Elles ont donc consommé trop tôt une bonne partie de leurs réserves hivernales.
Malgré mes apports réguliers de sucre candy enrichi en protéines tout l’hiver, certaines ruches n’ont malheureusement pas survécu.
C’est toujours un crève-cœur de perdre des abeilles, surtout quand on consacre autant d’énergie à veiller sur leur bien-être.
Ces pertes ont considérablement réduit la taille du cheptel… mais heureusement, les essaims créés l’été dernier m’ont permis de repeupler toutes les ruches.
Aujourd’hui, la situation s’est bien améliorée, et chacune d’elles est déjà en pleine production de miel de printemps. Vous pourrez le découvrir dans vos colis d’automne :-)
Les abeilles sont en pleine forme, certaines ont même commencé à essaimer – rien d’anormal, c’est la saison ! L’essaimage est leur façon naturelle de se reproduire.
Je dois donc rester vigilant, en m’assurant que les reines disposent de suffisamment de place pour pondre. Car si les butineuses remplissent trop les cadres de nectar, il n’y a plus assez d’espace pour la ponte… ce qui peut déclencher l’essaimage.
Concrètement, les abeilles élèvent une nouvelle reine en nourrissant une jeune larve à la gelée royale au-delà de son 3e jour de vie. Cette larve développera alors ses organes sexuels et deviendra une reine. À ce moment-là, l’essaimage est inévitable : l’ancienne reine quittera la ruche avec une partie de la colonie, et une jeune reine prendra le relais.
Elle devra alors s’envoler pour son vol nuptial, être fécondée par les faux bourdons, puis revenir dans la ruche où elle restera pour plusieurs années – sauf nouveau essaimage ou fin de cycle.
Pour mieux suivre nos reines, nous les marquons d’un point de couleur sur le thorax, selon un code universel.
En 2024, c’était vert ; cette année, c’est bleu. Cela permet à tout apiculteur, n’importe où dans le monde, de connaître leur âge et de détecter un éventuel essaimage si une reine non marquée apparaît.

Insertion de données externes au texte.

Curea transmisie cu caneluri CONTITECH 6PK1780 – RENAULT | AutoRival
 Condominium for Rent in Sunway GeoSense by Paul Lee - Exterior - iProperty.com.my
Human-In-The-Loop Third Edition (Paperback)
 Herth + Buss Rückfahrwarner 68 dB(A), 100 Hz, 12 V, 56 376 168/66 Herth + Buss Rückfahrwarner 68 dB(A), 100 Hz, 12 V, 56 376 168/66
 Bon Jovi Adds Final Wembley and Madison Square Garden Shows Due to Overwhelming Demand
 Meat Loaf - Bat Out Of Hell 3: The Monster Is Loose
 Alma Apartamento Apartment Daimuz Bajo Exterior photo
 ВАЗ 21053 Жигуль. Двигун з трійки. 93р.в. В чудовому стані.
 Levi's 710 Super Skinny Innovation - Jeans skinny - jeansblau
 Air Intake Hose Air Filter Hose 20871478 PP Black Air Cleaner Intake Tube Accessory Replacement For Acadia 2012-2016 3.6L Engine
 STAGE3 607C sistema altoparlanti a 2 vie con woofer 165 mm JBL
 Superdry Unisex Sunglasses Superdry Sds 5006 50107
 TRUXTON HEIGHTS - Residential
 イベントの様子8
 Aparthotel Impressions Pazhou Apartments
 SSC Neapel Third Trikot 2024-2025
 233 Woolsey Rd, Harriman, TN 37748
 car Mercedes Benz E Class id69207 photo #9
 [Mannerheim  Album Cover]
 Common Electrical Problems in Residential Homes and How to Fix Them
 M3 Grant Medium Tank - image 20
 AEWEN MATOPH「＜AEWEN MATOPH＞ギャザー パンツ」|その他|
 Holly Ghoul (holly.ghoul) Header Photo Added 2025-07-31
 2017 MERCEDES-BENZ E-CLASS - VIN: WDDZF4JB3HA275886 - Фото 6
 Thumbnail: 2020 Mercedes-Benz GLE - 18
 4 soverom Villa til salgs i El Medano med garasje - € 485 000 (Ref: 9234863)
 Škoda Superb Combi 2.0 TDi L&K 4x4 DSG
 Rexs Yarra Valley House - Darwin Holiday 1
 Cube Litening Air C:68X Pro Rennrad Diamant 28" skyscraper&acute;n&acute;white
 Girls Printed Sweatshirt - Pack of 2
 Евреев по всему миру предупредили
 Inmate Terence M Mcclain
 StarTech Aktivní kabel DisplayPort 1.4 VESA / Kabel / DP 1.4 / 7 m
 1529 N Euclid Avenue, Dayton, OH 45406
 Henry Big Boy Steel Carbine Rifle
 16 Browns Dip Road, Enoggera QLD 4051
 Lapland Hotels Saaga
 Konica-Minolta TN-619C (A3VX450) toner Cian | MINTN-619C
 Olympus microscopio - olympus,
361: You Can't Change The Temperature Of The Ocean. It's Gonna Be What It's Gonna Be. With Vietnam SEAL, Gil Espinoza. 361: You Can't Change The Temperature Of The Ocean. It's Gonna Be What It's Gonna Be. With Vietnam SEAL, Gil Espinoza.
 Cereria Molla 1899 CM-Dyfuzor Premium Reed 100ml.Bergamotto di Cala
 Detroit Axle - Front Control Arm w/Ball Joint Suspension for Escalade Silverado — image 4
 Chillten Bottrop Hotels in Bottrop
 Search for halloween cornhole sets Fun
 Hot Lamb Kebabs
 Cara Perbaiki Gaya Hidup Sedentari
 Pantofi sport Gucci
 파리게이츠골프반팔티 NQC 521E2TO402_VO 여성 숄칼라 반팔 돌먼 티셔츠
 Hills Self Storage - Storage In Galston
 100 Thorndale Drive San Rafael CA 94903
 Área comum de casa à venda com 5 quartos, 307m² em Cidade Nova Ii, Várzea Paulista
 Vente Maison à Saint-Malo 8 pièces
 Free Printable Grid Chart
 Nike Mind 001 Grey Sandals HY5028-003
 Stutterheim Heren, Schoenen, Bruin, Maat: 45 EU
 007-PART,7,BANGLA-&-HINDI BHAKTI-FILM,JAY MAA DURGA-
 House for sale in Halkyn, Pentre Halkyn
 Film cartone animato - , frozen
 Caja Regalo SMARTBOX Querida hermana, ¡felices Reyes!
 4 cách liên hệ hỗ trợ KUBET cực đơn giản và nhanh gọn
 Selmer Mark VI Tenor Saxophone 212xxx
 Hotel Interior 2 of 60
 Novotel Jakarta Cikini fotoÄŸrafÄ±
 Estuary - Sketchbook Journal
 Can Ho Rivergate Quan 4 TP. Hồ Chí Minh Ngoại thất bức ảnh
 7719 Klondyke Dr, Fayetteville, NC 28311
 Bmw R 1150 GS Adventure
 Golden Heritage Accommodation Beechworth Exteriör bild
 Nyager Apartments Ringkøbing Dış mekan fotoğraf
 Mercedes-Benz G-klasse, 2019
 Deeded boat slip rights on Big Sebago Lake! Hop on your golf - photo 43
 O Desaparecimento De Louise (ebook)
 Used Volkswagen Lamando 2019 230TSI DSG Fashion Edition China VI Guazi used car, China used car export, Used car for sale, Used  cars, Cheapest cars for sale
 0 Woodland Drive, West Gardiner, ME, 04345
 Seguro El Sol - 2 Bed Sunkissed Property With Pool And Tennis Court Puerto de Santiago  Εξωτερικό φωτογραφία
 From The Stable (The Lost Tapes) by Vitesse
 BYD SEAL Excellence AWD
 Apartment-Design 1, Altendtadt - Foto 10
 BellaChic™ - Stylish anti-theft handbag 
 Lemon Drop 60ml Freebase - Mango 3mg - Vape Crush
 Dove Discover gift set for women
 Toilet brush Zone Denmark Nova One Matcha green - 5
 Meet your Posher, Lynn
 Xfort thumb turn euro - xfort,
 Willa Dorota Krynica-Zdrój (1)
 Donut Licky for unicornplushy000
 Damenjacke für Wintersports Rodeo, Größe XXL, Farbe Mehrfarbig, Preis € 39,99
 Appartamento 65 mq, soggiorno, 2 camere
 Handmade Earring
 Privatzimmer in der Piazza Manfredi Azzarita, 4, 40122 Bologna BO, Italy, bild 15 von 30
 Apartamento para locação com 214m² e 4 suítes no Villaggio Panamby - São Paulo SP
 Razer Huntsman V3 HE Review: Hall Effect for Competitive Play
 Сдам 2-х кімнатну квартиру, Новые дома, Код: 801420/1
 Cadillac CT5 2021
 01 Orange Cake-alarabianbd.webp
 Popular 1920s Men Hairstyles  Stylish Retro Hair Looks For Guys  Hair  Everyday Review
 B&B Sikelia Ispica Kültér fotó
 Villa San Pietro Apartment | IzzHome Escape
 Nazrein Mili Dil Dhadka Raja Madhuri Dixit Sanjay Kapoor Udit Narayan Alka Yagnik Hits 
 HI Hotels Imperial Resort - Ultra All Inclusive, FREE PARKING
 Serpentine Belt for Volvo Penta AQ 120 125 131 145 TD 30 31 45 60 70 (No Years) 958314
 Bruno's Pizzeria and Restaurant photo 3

Le marquage se fait très délicatement, de préférence au printemps ou à l’automne, lorsque les colonies sont moins denses.
Actuellement, je garde donc un œil attentif sur les ruches les plus fortes, en veillant à leur offrir suffisamment d’espace pour éviter tout essaimage prématuré.
En parallèle, je prépare vos colis de printemps, que vous recevrez très bientôt, accompagnés de quelques photos du rucher !
Je vous souhaite un très beau printemps, riche en fleurs colorées et en parfums subtils, et je reviendrai vers vous dès que le rythme s’adoucira un peu.